Nos três países, militares tomaram o poder alegando que o governo civil, apoiado pela França, não foi capaz de afastar as ameaças terroristas de grupos jihadistas.
Veja: EUA, ONU e União Europeia condenam tentativa de golpe no Níger
O Níger era um aliado crucial para as potências ocidentais que tentam ajudar a combater a insurgência de movimentos islâmicos radicais. Se o golpe for confirmado, Paris perde um elo chave na região.
No Mali e em Burkina Faso, as juntas militares que tomaram o poder expulsaram o exército francês e vêm se aproximando da Rússia. Agora, o Níger tende a rumar na mesma direção.
Cerca de 1.500 soldados franceses foram enviados ao Níger desde o fim da operação francesa Barkhane. Iniciada em agosto de 2014 e finalizada em novembro de 2022, a operação mirava cinco ex-colônias francesas: Burkina Fasso, Chade, Mali, Mauritânia e Níger, o chamado “G5 do Sahel”.
Alexandre dos Santos, professor de Relações Internacionais da PUC-Rio e especialista em África, afirma que a França vem perdendo prestígio rapidamente na região e lembra que quatro países foram alvo de golpes de Estado nos anos na região: no Mali, em Burkina Faso, na Guiné e agora no Níger.
“Os golpes vêm sempre seguidos da mesma cantilena: “O governo civil é incapaz de combater os jihadistas de maneira efetiva, mantém privilégios da França que é a antiga ocupante colonial, não combate a corrupção etc.”, diz Santos.

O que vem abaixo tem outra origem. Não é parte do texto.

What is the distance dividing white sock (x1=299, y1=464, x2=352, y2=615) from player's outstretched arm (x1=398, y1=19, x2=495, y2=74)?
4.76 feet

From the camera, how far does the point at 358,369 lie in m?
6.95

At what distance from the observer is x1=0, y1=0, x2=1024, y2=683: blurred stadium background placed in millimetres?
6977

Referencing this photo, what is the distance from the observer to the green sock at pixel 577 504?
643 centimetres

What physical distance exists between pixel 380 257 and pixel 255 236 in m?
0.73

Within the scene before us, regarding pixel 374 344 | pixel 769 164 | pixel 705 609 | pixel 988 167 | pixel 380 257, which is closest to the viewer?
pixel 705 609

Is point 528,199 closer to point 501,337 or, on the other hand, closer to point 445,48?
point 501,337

França perde influência e Rússia entra em cena
Diante da perda de influência da França na região do Sahel, aumenta a importância do grupo de mercenários russo Wagner e em paralelo da Rússia.
Nesta semana, atos em defesa ao golpe do Níger reuniram centenas de pessoas na capital Niamey. E em meio aos votos de apoio aos militares, manifestantes empunharam bandeiras russas e gritaram em apoio ao grupo de mercenários Wagner.

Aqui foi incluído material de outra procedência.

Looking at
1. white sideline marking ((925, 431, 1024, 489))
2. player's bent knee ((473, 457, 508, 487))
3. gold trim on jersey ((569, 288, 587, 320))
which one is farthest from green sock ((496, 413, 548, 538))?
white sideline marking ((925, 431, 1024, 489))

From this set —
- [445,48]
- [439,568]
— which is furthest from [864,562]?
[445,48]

O chefe do grupo, Yevgeni Prigozhin, disse em nota que “o que aconteceu no Níger é a luta de seu povo contra os colonizadores. Significa efetivamente conquistar a independência. O resto dependerá do povo do Níger”.
O professor da PUC-Rio avalia que a influência do grupo de mercenários caminha junto à influência russa, apesar do rompimento recente entre Putin e Prigozhin. “Não é possível dizer o quanto há de teatro no estremecimento de relações entre eles, mas os dois estão umbilicalmente ligados”, afirma Santos.
Chade, Sudão e República Centro-Africana são exemplos de países que se aproximaram do grupo Wagner e posteriormente da Rússia. “No caso dos países da África Ocidental, o grupo Wagner ajuda os militares a assumir o poder e debelar a ameaça jihadista, diminuindo a influência francesa na região e abrindo espaço para os russos”, diz Santos.
Esses países repetem um padrão: têm uma população de maioria islâmica, que teme a insurgência jihadista e a imposição de uma visão mais fundamentalista da religião muçulmana. A percepção de que a França não foi capaz de afastar as ameaças desses grupos radicais se junta a um renovado ressentimento pelo passado colonizador francês.
A Rússia se aproveita desse sentimento para se aproximar dos africanos.
Diante do recrudescimento da rejeição aos franceses, a Rússia tenta ampliar novamente sua influência entre os países africanos para conquistar apoio diplomático e reduzir o isolamento causado pela invasão à Ucrânia.
Não à toa, Vladimir Putin acaba de anunciar, durante a cúpula África-Rússia que acontece em São Petesburgo, que vai fornecer grãos e armas de graça a países africanos.